Her iki vatandaştan birisi Türkiye'nin bağımsız kalmasını istiyor
Araştırma kapsamında katılımcılara Türkiye'nin dış ilişkiler yönetiminde hangi yolu izlemesi gerektiği soruldu. Bu soruya, “bağımsız kalmalı, ülke ülke yakınlık kurmalı” diyenlerin oranı yüzde 46. Her iki vatandaştan birisi Türkiye'nin yeni dünya düzeni kurulurken bağımsız kalmasını, ülkenin çıkarları ve geleceğini gözeterek, ülke esaslı bir strateji ve ilişki yönetilmesini istiyor.
Türk devletleri ile yakınlık kurmalı diyenlerin oranı yüzde 25, Avrupa Birliği'ne katılmalı diyenlerin oranı yüzde 22, İslam devletleriyle yakınlık kurmalı diyenlerin oranı yüzde 10, ABD ile yakınlık kurmalı diyenlerin oranı ise yüzde 1 oldu.
Kimlere “biz” diyoruz?
Araştırma kapsamında katılımcılara “Biz kelimesini kullanarak anlattığınız insanlar kimlerdir?” sorusu yöneltildi.
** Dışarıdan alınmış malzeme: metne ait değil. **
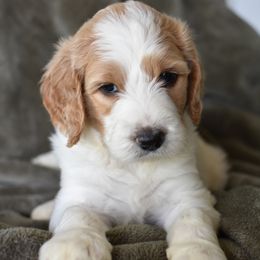 Goldendoodle Puppies from Edge Farm Goldendoodles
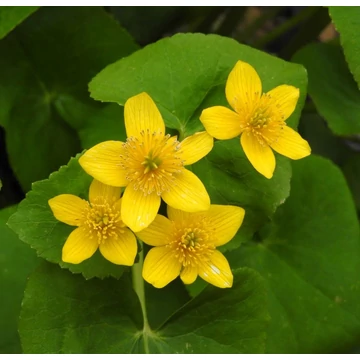 Caltha palustris - Mocsári gólyahír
Cevap verenlerin yüzde 73'ü “aileye aidiyet” derken, yüzde 62'si etnik köken, yüzde 43'ü ideolojik kimlik, yüzde 31'i vatana aidiyet, yüzde 25'i demografik aidiyet, yüzde 24'ü teolojik aidiyet, yüzde 24'ü coğrafi aidiyet ve yüzde 19'u meslektaşlar dedi.
Cevaplarda, aile ve etnik köken ana kimlik bileşenler olarak öne çıktı. Etnik köken diyenlerin içinde yüzde 58'i Türkler, yüzde 8'i Kürtler ve yüzde 4'ü azınlıklar olurken; “biz” referansında ideolojik aidiyeti belirtenler ise ilk üç sırada yüzde 24 ile Atatürkçüler, yüzde 19 ile Laikler, yüzde 17 ile milliyetçiler, %10 ile muhafazakarlar, %9 ile ülkücüler ve %4 ile aktivistler yer aldı.
Türk milletini en iyi anlatan “insani değerler”
“Kendimizi farklı gruplara dahil hissetsek de Türk milleti olarak bizi en iyi anlatan ortak duygular, değerler hangileri?” sorusuna ise yüzde 84 oranında “insani değerler” cevabı verildi. Özellikle kadınlar, lise ve üzeri eğitimdekiler ve AB üst sosyo-ekonomik sınıfa ait olanlar arasında birlik alanlarını insani değerler ile tanımlamanın yüzde 90'ı aştığı görüldü.
Onu yüzde 76 ile milli değerler, yüzde 54 ile dini değerler, yüzde 37 ile ilkesel değerler, yüzde 30 ile kalıtsal değerler ve yüzde 18 ile tarihi değerler takip etti. Bu değerleri şekillendiren ise toprağa bağlılık, yurtseverlik ve kaderci bir millet olma.
Toplumun ortak sevinç ve mutluluğu “milli unsurlar”
“Toplumla ortak sevinç ve mutluluk, gurur duyduğunuz konular hangileridir?” sorusuna ise yüzde 84 oranında “milli unsurlar” cevabı verildi. En büyük ortak sevinç, mutluluk ve gurur alanı yüzde 45 ile bayrağımız, yüzde 37 ile marşımız, yüzde 33 ile Kurtuluş Savaşımız, yüzde 27 ile milli bayramlar oldu.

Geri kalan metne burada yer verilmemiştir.